Saygıdeğer Arkadaşlarım
Personel sınıfı ile karargahlarda görev yaptım. Assubaylarla ilgili düşüncelere, sorunlara, çözüm konusundaki bakış açılarına şahit oldum ama ne yazık ki bu ön yargıların, düşmanca tavrın nedenini sizler gibi ben de çözemedim…
Kimdik biz? İşgal ordusunun assubayları mı, TSK’nın sırtında bir kambur mu, TSK düşmanı mı, Başbakanın deyimi ile orduda yan gelip yatanların temsilcileri mi?
Bizde eksik görülen neydi? Tahsilimizi, okullarımızdaki müfredat programlarını, statümüzü hâttâ fiziki yapımızı bizler mi tayin ve tespit ediyorduk? Bunların hepsinin yanıtı tek kelime ile HAYIR olduğuna göre bu ön yargıların, tahakküm hâttâ bazıları tarafından aşağılanmaya çalışılmak ve haksızlığın ötesinde düşmanca tavrın nedeni neydi?

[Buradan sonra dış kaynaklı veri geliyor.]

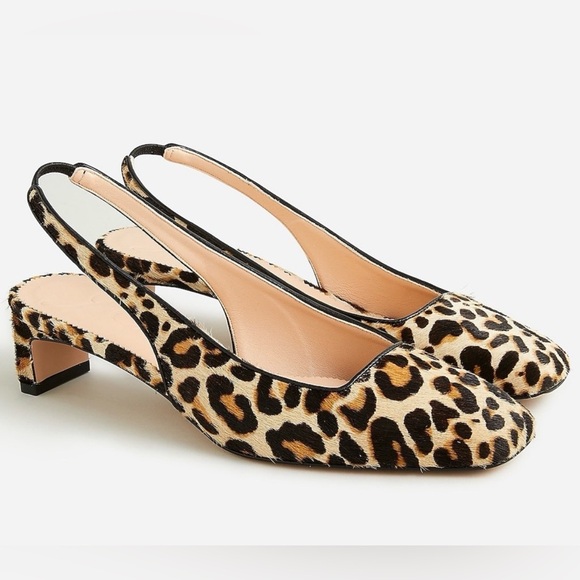 J. Crew Shoes - J.Crew Layla slingback pumps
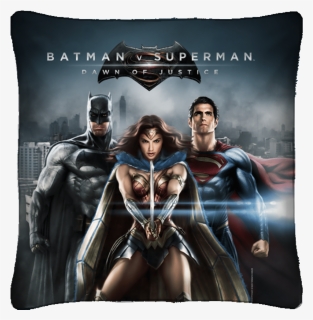 Justice League Filled Cushion - Cushion, HD Png Download, Free Download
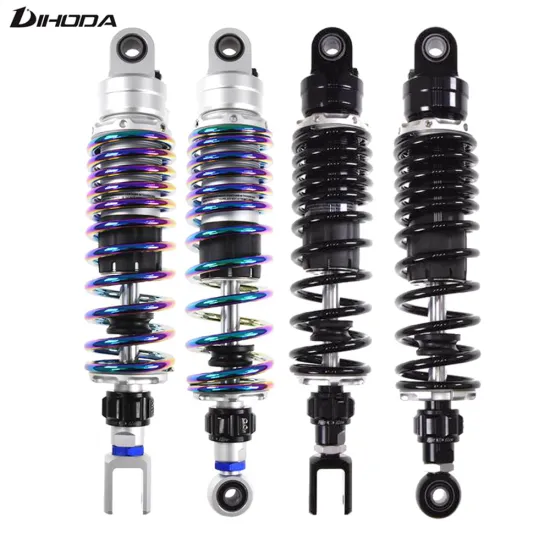 270mm - 360mm Multiple sizes Motorcycle Rear Adjust damping shock absorber For Honda Yamaha Kawasaki Suzuki Rear suspension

Suçumuz hiyerarşiye saygı içinde başkalarına altın tepside sunulduğu gibi imtiyaz değil sadece adalet, eşitlik ve insan onuruna saygı talep etmemiz, bu ülkeyi ve ordumuzu tüm haksızlıklara rağmen uğrunda ölecek kadar sevmemiz mi suçtu?
1971 yılında haksızlıklar had safhaya ulaştığında assubay eşlerinin protesto yürüyüşü yapmasını alçakça “Assubaylar Mao’nun askerleri gibi davranıp karılarının etekleri altına gizlendiler” suçlaması ile assubayları yasa dışı cezalara mahkum eden zihniyetin eşleri şimdi adalet diye yürüyor, bundan hâlâ ders alınamamış ki Sn.Uğur Dündar’la söyleşi yapan emekli koramiral Atilla KIYAT adeta günah çıkarırcasına;
*Her şeye maydanoz olduk
*Darbelerden ders almadık
*Toplumdan kendimizi soyutladık
*Kendimizi tel örgünün içine çektik
*İç hizmetle ilgili kanunları sadece iç hizmette kaldı
*İmtiyazlarla sağlanan haklarımızı sevdik
*Böyle bir hayatı yaşamak hoşumuza gitti
*Astların çektiği sıkıntıları göremedik,
*Sen de yüksel sen de hayatını yaşa dedik
*Böylece doğruları görebilme yeteneğini kaybettik
İtirafında bulununca demek ki yüreğinde hâlâ adalet duygusu olup vicdanen rahatsız olanlar var bu bir gelişmedir derken; bu kez aynı emekli amiral CNN TÜRK televizyonunda Sn.Enver Aysever’in programında assubayların sosyal medyadaki tepkilerinin sorulması üzerine talihsiz bir açıklama ile; “Bazıları iyi niyetle, bazıları bilinçli olarak hazır komuta kademesini çökertmişken bunu becermişken şimdi de ordunun içinde subaylarla assubayların arasını bozalım dediler. Benim herhalde binlerce assubayım olmuştur,binlerce assubayımdan hiç kimsenin onların hakkını korumadığımı söyleyeceğine inanmıyorum,assubaylarımız bazı konularda ihmal edilmiş olabilirler ama eğer hiyerarşik bir düzende ve o hiyerarşik düzenin getirdiği bazı sosyal yaşam farklılıklarından bahsediyorsak bu inanın Türk Silahlı Kuvvetleri’nde ABD deniz kuvvetlerinde olduğundan daha iyidir” buyurmuşlar…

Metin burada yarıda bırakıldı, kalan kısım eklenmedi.